Malgré six années de silence, le style de Spawn Of Possession, ce brutal death technique très sombre, mais aux influences d'un classique noble prononcées – notamment par les périodes romantique et moderne, que tout amateur de musique mort depuis suffisamment longtemps se devrait de connaître – est reconnaissable dès les premières notes de « Abodement », intro dans la droite lignée de ce que le groupe a pu proposer sur
Noctambulant. Il y a pourtant eu les changements de line-up, les allers et retours de vocalistes pour qu'au final ce soit Dennis Röndum qui reprenne le micro au plus grand bonheur des fans qui redoutaient les possibles errements de Chalky, l'arrivée à la batterie de Henrik Schönström que l'on n'avait plus entendu depuis 2006 et le
Warnaments de Torchbearer , et la pige que l'on espère longue du bassiste mercenaire Erlend Caspersen (encore meilleur ici que sur
Of What's To Come et
Anatomize) ; bref malgré de profonds remaniements,
Incurso pourrait être identifié comme du Spawn Of Possession même par un sourd, voire un fan de néo metal, qui par nature conjugue la première tare à une déficience mentale sévère.

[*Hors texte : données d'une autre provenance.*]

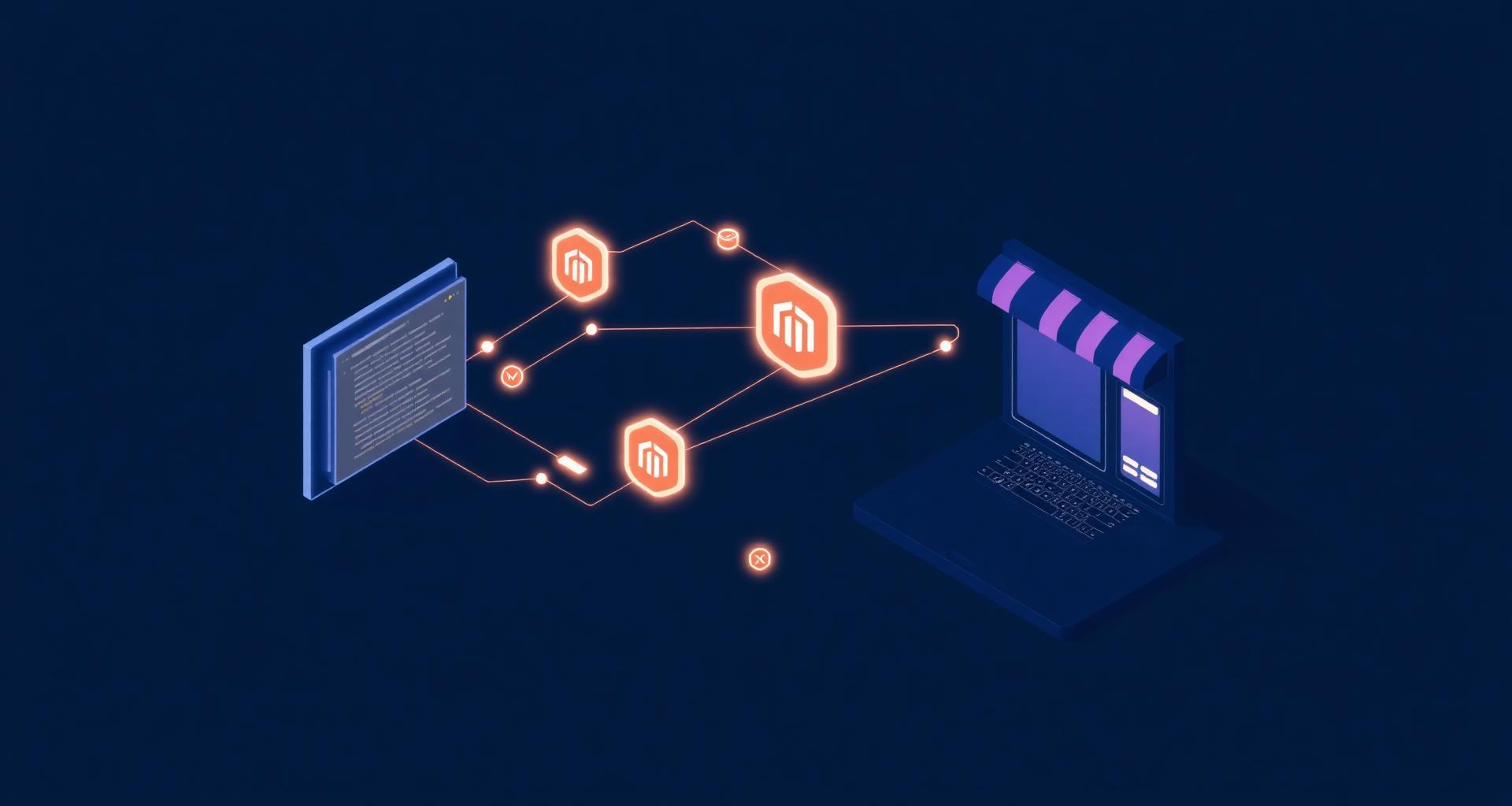 Headless Magento architecture connecting backend commerce logic to a modern decoupled storefront via APIs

Que tous les fans de Spawn Of Possession se rassurent, s'il y a bien du changement chez les Suédois, la philosophie de Jonas Bryssling, qui a une fois de plus tout composé, n'a pas changé d'un iota et le groupe évolue toujours à la marge du brutal death technique grâce à des riffs virevoltants qui s'enchaînent plus rapidement qu'un masochiste au radiateur du club cuir & moustache. La musique du groupe est donc toujours aussi complexe, tant au niveau des rythmes si changeants que des phrases mélodiques, atypiques même au sein du brutal death technique ; et pourtant le rendu est très efficace, le refrain de « Spiritual Deception » en devenant même catchy – un adjectif que l'on n'utilisera pas souvent pour qualifier les compositions de Spawn Of Possession.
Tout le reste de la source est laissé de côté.